The 15th month of consecutive growth in the car market was mainly driven by large fleet registrations. Private demand remained stable, while the business sector saw a decline in registrations. Overall, vehicle uptake increased by 19.6% in the first 10 months, making it the best year since 2019.
In October, EV uptake continued to accelerate, accounting for 37.6% of all new car registrations. Hybrid electric vehicles (HEVs) and plug-in hybrid vehicles (PHEVs) also experienced growth. However, the market share of battery electric vehicles (BEVs) only saw a small rise compared to the previous year.
The SMMT highlighted the need for fiscal incentives for private consumers, as the majority of BEV registrations were from large fleet registrations. The organization also emphasized the importance of chargepoint infrastructure availability and accessibility, calling for more equitable distribution and pricing for public charging.
The SMMT CEO, Mike Hawes, urged the government to introduce incentives and facilitate infrastructure investment in the Autumn Statement to support the growth of EVs. The market outlook for 2023 has been revised upwards, but the expectations for BEV uptake have been slightly downgraded.
The National Franchised Dealers Association (NFDA) and other industry experts also highlighted the need for government support in the form of attractive price incentives and increased charging infrastructure to meet consumer demands.
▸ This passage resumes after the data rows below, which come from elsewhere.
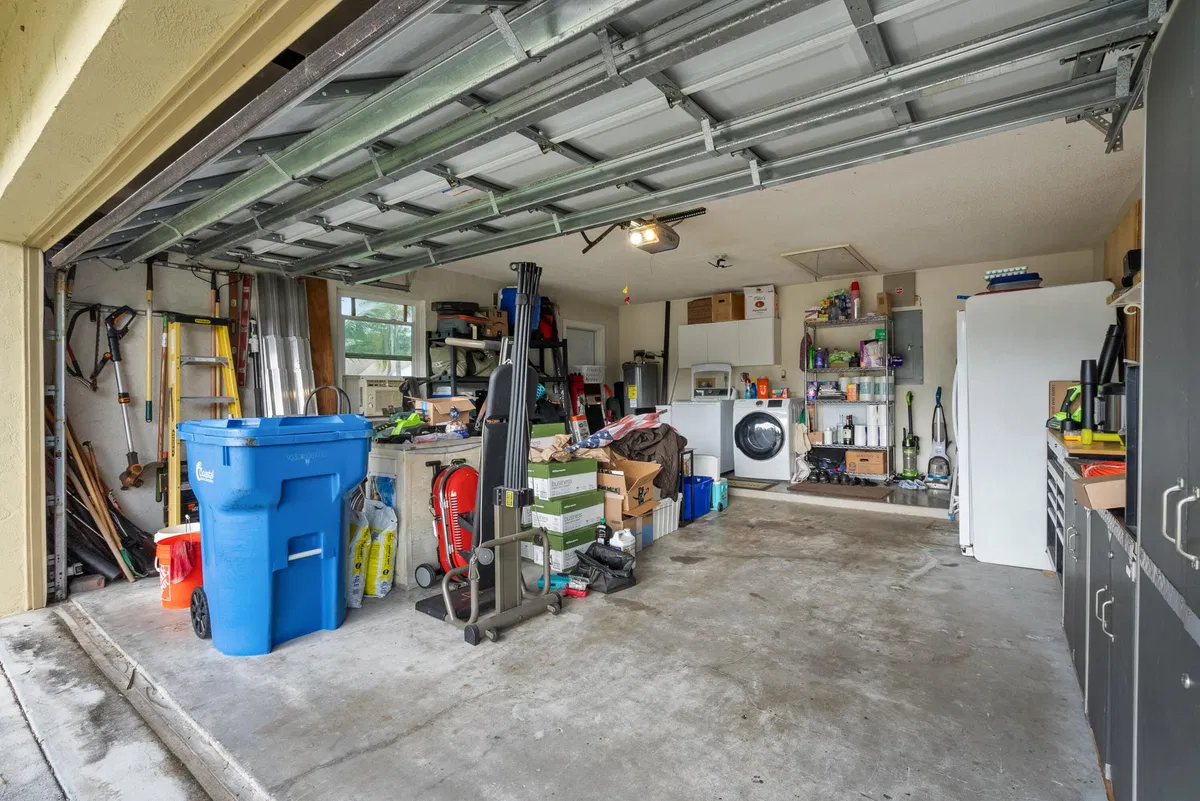 Residence photo 22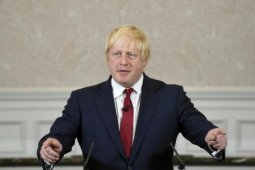 Inggris Tantang Donald Trump Jelaskan Cara Hadapi Iran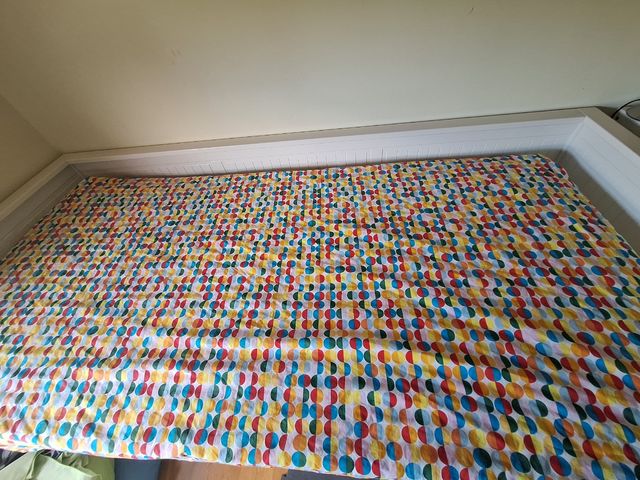 Somier lamas+colchon de muelles+ edredón y nordico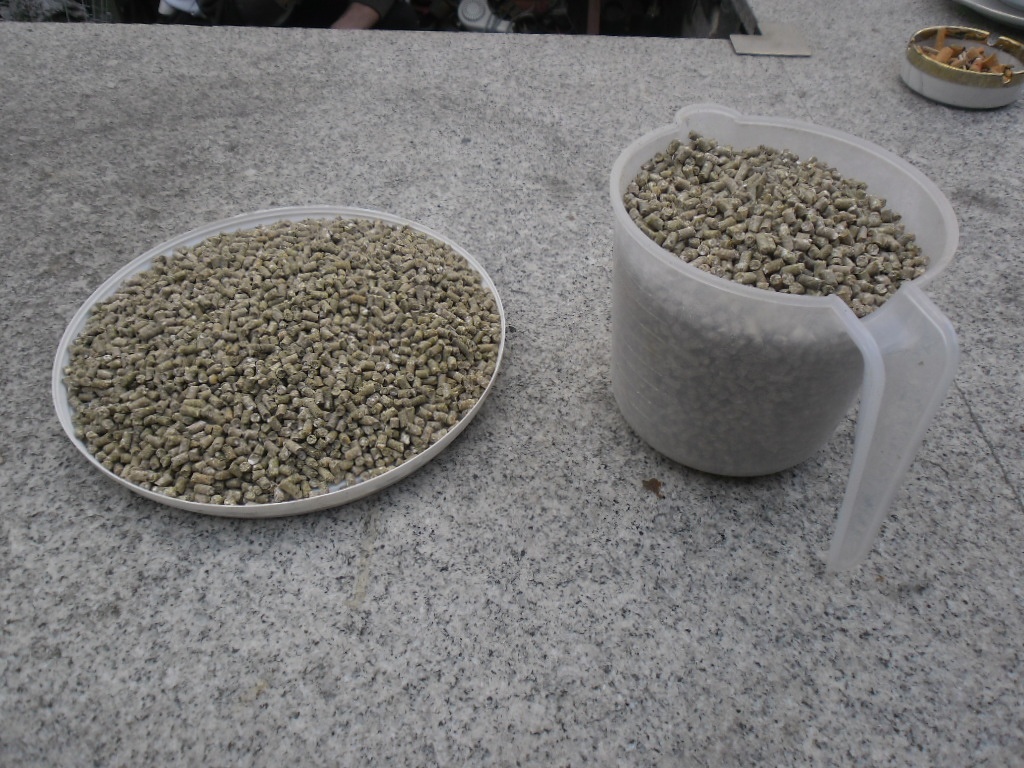 Granule pro slepice - 2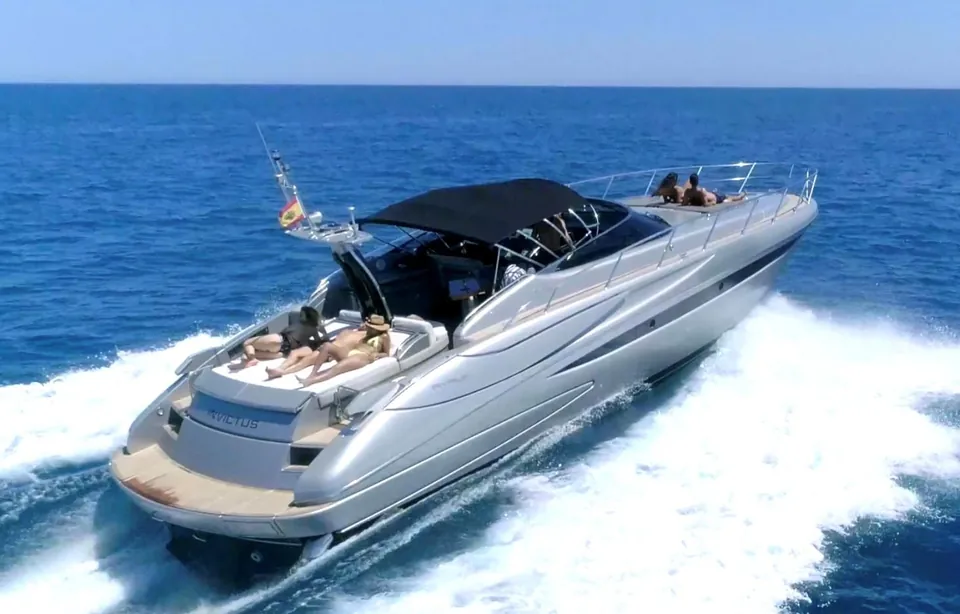 Riva Rivale 52 · Invictus — view 1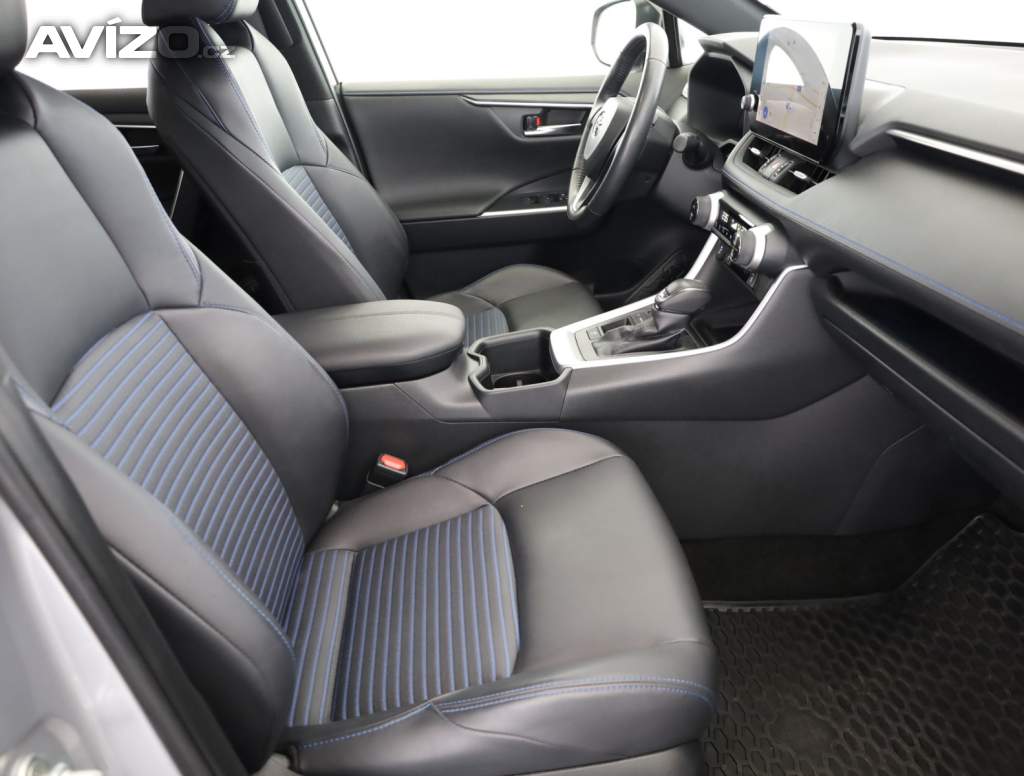 Foto inzerátu Toyota RAV 4 2.5 Hybrid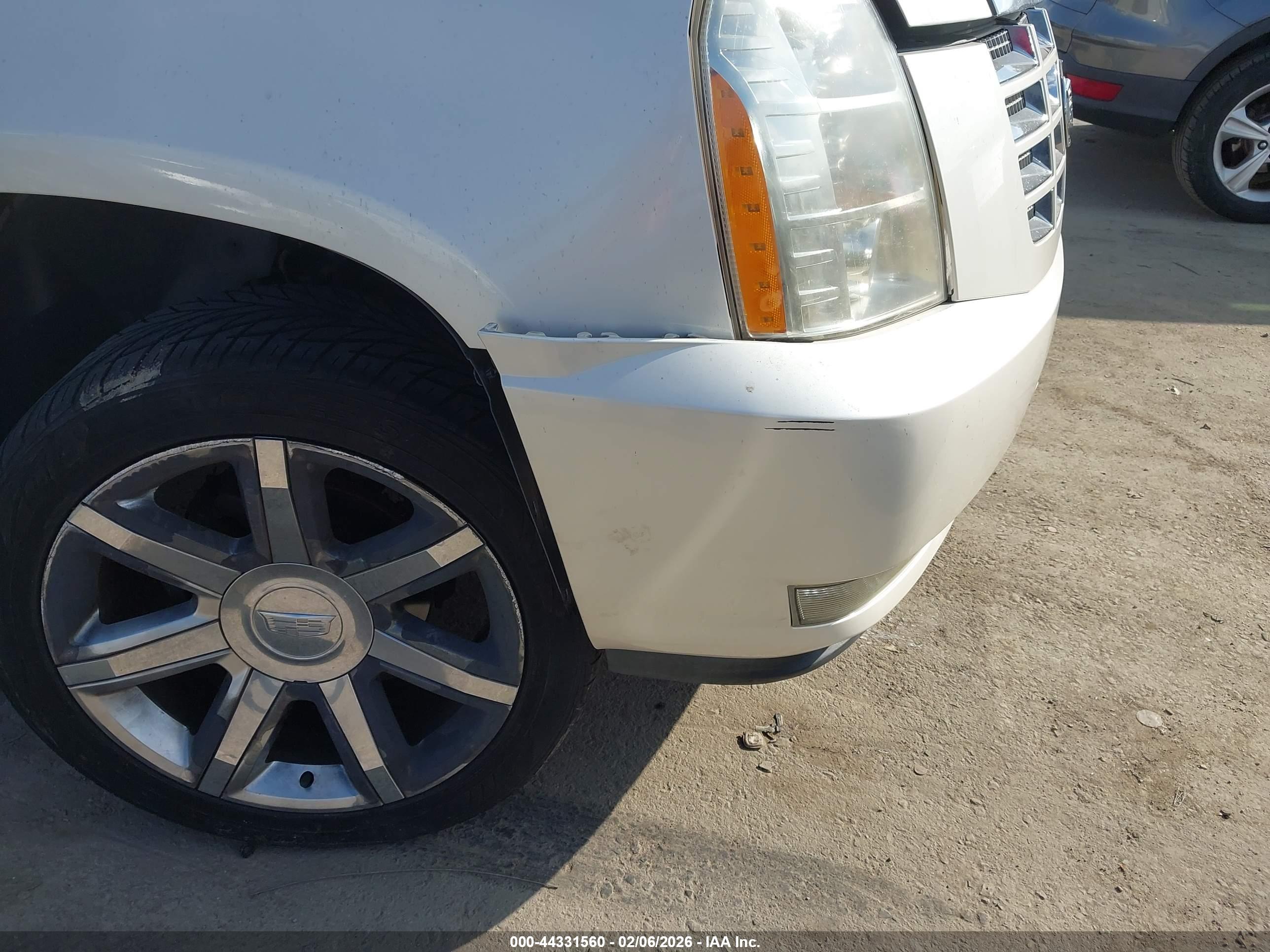 CADILLAC ESCALADE image 6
They emphasized that the lack of charging infrastructure and high prices remain barriers to EV adoption.
Auto Trader's commercial director highlighted the importance of affordable pricing for electric cars, as they have been selling well in the used car market. The director also mentioned that combining discounts and finance offers can make monthly payments for new electric cars comparable to petrol and diesel cars.
Close Brothers Motor Finance expressed concerns about a potential drop in demand for alternative fuel vehicles (AFVs), including EVs, following the government's delay in implementing the 2030 ban. They emphasized the need for dealers to stay informed about changing trends and stock their forecourts accordingly.
Looking ahead to next year, the market outlook for 2024 shows a revised down market share for BEVs, despite an expected increase in registrations.